A. The tick. We were running in Leon's Tri in Indiana and the run goes through a path under a high voltage area and tall grass. As two other Race Guard members and I were waiting for some of the last runners to come through, I felt something on my leg. I looked down and could see a tick had landed on it. I quickly brushed it off. Our team lead Tracy saw me and asked me what it was. Not thinking, I answered that it was a tick. She instantly did a body check of herself and started looking around for ticks and wondering where the tick was that I knocked away. A few minutes later another tick landed on her, and she knocked it off and again didn't see where it went. Needless to say, we spent the next few miles avoiding the tall grass and triple checking ourselves for the "ghost ticks" as she referred to them. Try going to sleep with that in your head later!
Q. What is your favorite post race or training pig-out food?
A. Probably my easiest question to answer; pizza. I try and eat as healthy as I can, and actually switched my diet about 9 months ago to Pesco/vegetarian, but the one thing I can never give up is Chicago's pizza, which is still amazing with veggies on it.
Q. What is your fitness background and have you had any physical challenges or injuries along the way?
When I was younger shortly after high school I was overweight and not very active. Most male members of my family were also overweight or died very young of cardiac related issues so I just accepted this as my fate. Then one day I "woke up" and decided that maybe I could be different and do things that I never thought possible. So I changed my diet, began to exercise and run, and lost weight. After a while, I decided to sign up for a few races and even a triathlon to stay motivated. I was hooked from the first one. This year I will compete in my 5th straight Chicago Triathlon and my 3rd Fox Valley Marathon. Last year I was blessed enough to be able to complete the Lake Placid Ironman after 2 years of training, a goal I once thought unobtainable. Unfortunately I have not been able to do these races without my share of injuries. I have suffered the usual strains and sprains, from hamstrings, to quadriceps, to ankles, and have been able to heal and continue through each. Last year while training for the Ironman, I suffered a back injury in early March. An MRI revealed a very small bulged disc in the Lumbar spine, with a larger issue as well. The doctor informed me that I was born with Spinal Stenosis, a narrow spinal canal, which was causing the bulge to feel worse in me than most. I was fortunate enough that the injury was small, and that I could continue training toward my goal. After the Ironman, I guess my body had enough and needed a few months of therapy, injections, and just plain rest; yuck! Today I feel better than I have in years and think about the times I wasn't able to run which keeps a smile on my face and keeps me motivated for the last few miles of the long run. The doctors have told me that if I can stay lean and strong then I shouldn't have many restrictions and can continue living an active life, which is awesome.
Q. How do you stay in shape during Chicago winters?!

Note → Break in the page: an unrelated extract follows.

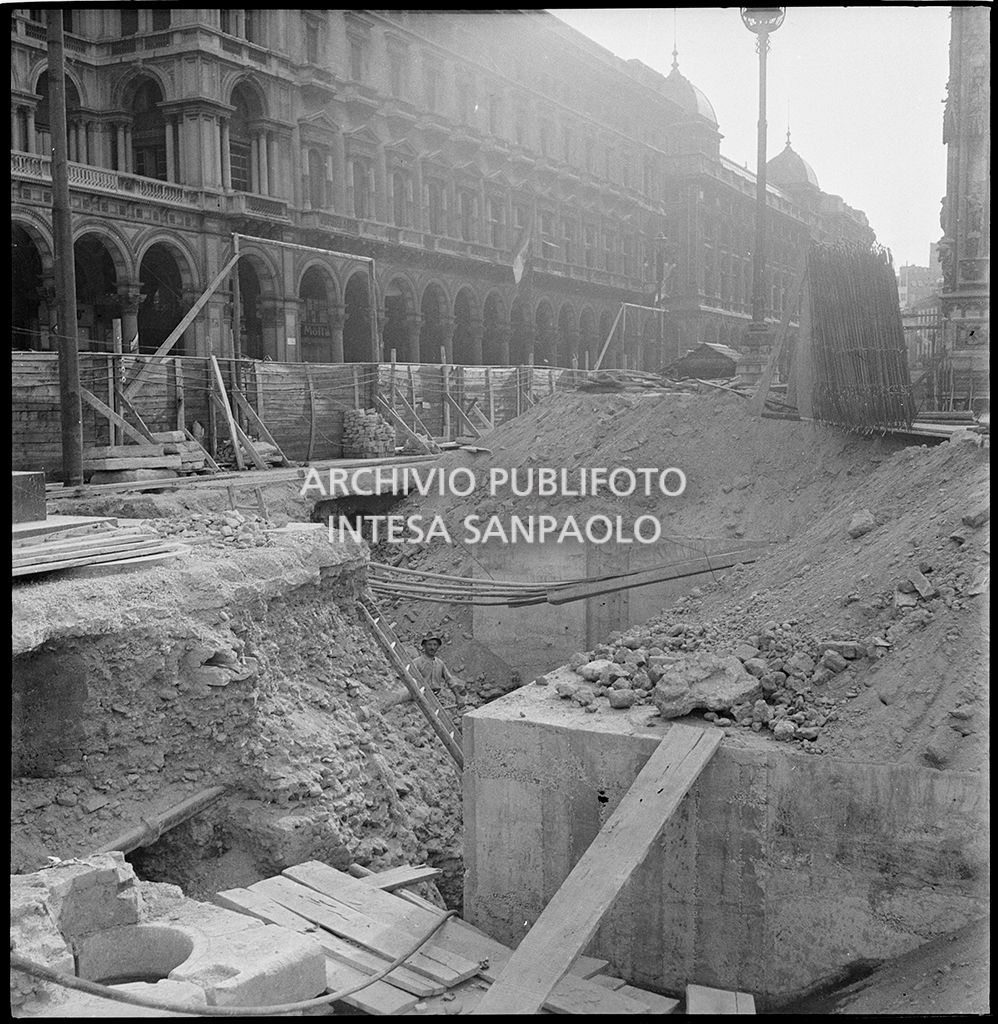 Cantiere di costruzione del rifugio antiaereo in piazza del Duomo a Milano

A. Treadmills and bike trainers during the worst months, unfortunately. But if there isn't ice on the ground, then running outside after bundling up is much better than running in place.
Q. How would you sum up your philosophy of life in one sentence?

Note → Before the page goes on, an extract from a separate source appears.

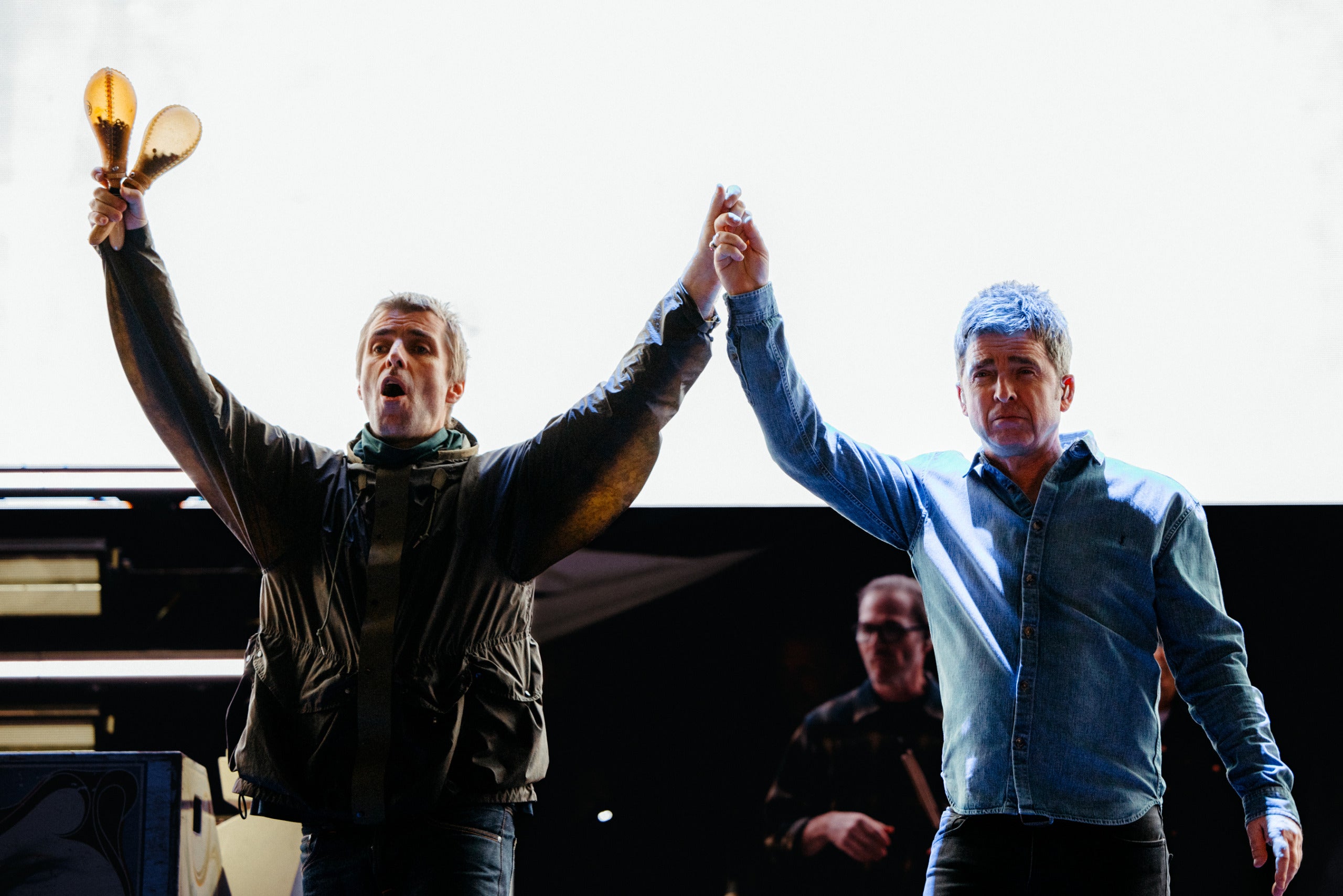 Oasis began North American tour in Toronto with hits & rain (pics, setlist, video)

A. We are all capable of doing something to help make this world a better place, whether it be a large impact or a small one, we each can play our part.
Q. How does being a Race Guards member tie into your philosophy of life?
A. I think when you find something you can do to help make the world better, and it's also something you love to do, then it just comes naturally.
Thank you Matt for an inspiring and interesting interview!